Так что, как бы мы ни презирали Булгарина, — где его patria? Какое отечество он должен был называть своим, Российскую ли империю или подавляемую империей Польшу?

Словом, он воюет под польским орлом и под предводительством Наполеона — в Италии и Испании, Белоруссии и Литве, наконец, в России. Становится капитаном, получает, ни много ни мало, орден Почетного легиона. В 1814 году взят в плен и отпущен в Варшаву; там ступает на литературное поприще, а с 1820-го он уже в Петербурге, где издает журналы, затем газету. В общем, мало-помалу становится тем Булгариным, который и остался в истории литературы: популярным прозаиком, продажным журналистом, агентом III отделения. Тем, чье имя мы привычно и справедливо произносим с полным презрением.

Произносим — по праву, хотя стоит помнить и то, ради чего я завел речь об этой исторической личности. Ведь были с булгаринской стороны и неосторожные взбрыки, были гневные выступления против цензуры, душившей и его, были записки, поданные в правительство, где отечественные пороки назывались с прямотой и отвагой.

Например:

«В финансах — упадок кредита, торговли и фабрик, истребление государственных лесов… В юстиции — взятки, безнравственность… В министерстве внутренних дел — совершенный упадок полиции и безнаказанность губернаторов… В военном министерстве — расхищения»…

Ни дать ни взять — Герцен!

Но речь все-таки не об этом. Было в булгаринской биографии два поступка, перед которыми мы, с нашим советским опытом, могли бы остановиться в почтительном недоумении.

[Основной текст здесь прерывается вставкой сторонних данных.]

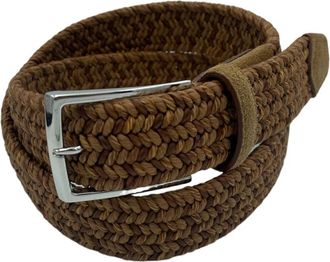 Paolo Vitale Gevlochten Elastische Riem - unisex - Riemen - Bruin - 100 CM - Leer - Accessoires
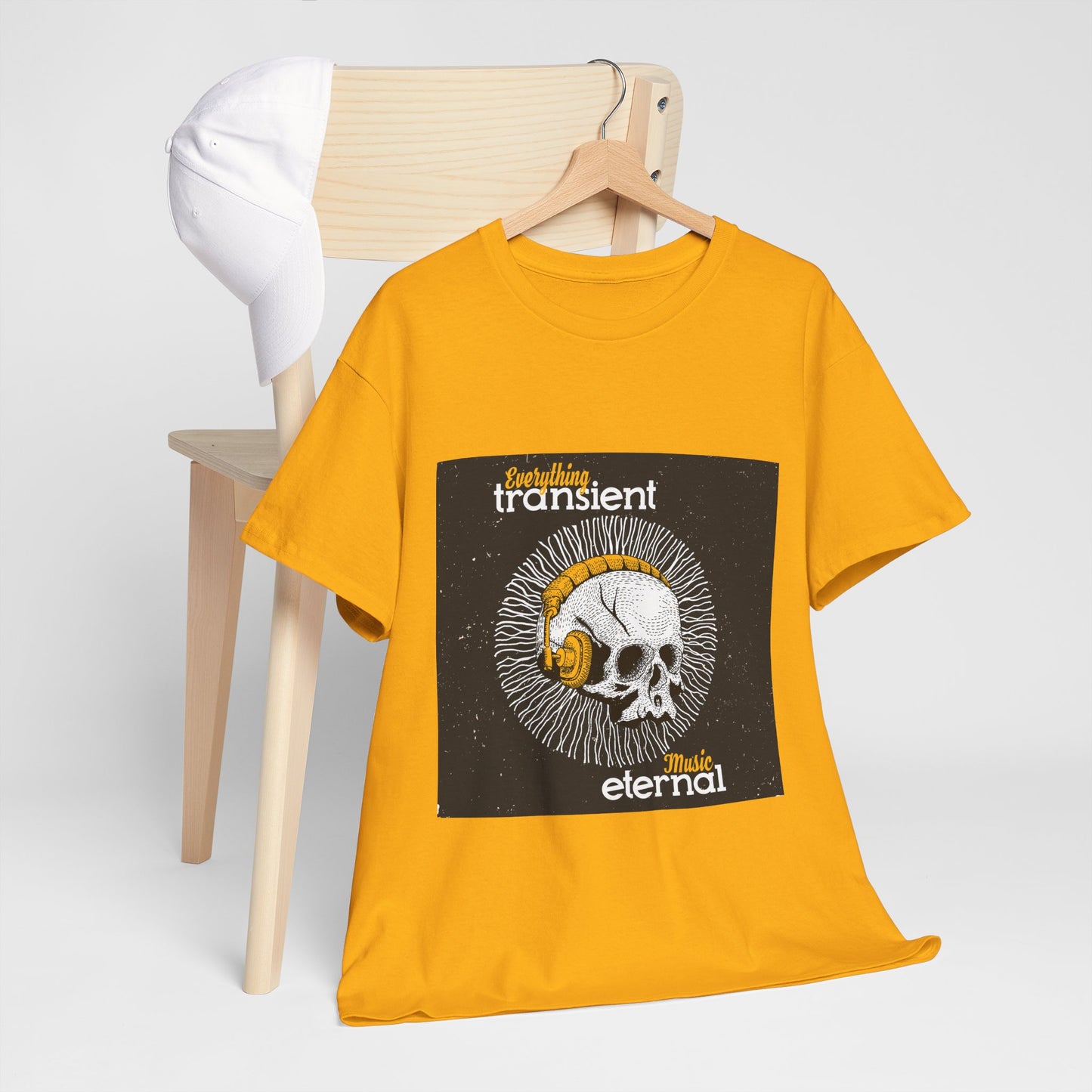 Unisex Music Eternal Skull Graphic Tee - DJ Headphones Vintage Art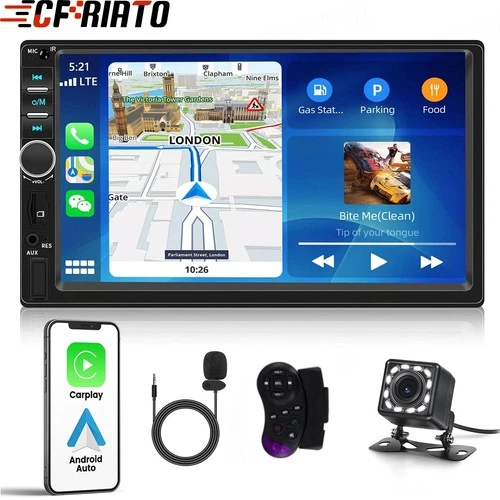 Double 2 Din 7” Car Stereo Touch Screen Car Radio Apple CarPlay Android Auto GPS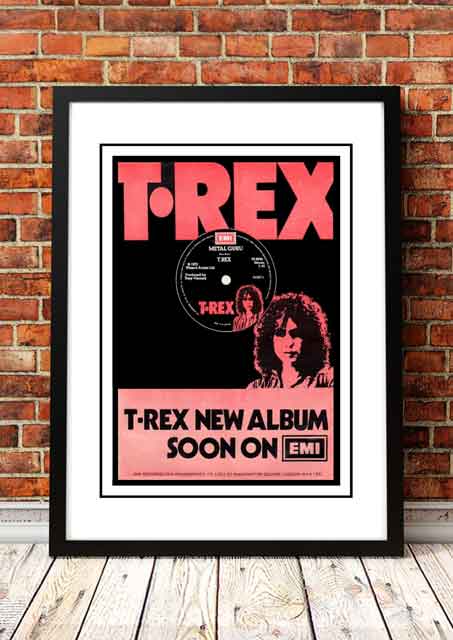 V967-SS0469-A3-202504150935-00 T Rex / Marc Bolan ‘Slider’ In Store Promotional Poster 1972 - Framed A5 - Image 1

Первый, правда, более или менее понятен — даже нам. Булгарин ревностно оберегал рукопись Грибоедовского «Горя от ума» и первым опубликовал часть запрещенной комедии, которую автор, отбывая в Персию, доверил ему. Даже сделал на рукописи надпись: «Горе мое поручаю Булгарину. Верный друг Грибоедов».

Так что и хранение рукописи, и заботу об ее обнародовании можно объяснить признательностью за то, что такой человек снисходит к тому, кто потерял уважение в «порядочном обществе». (Впрочем, не будем и преувеличивать многолюдство этого общества и, стало быть, тех, кто отказывал Фаддею Венедиктовичу в уважении.)

Но Булгарин дружил еще и с Рылеевым; тот, когда у Фаддея намечалась дуэль с Дельвигом, даже согласился быть его секундантом.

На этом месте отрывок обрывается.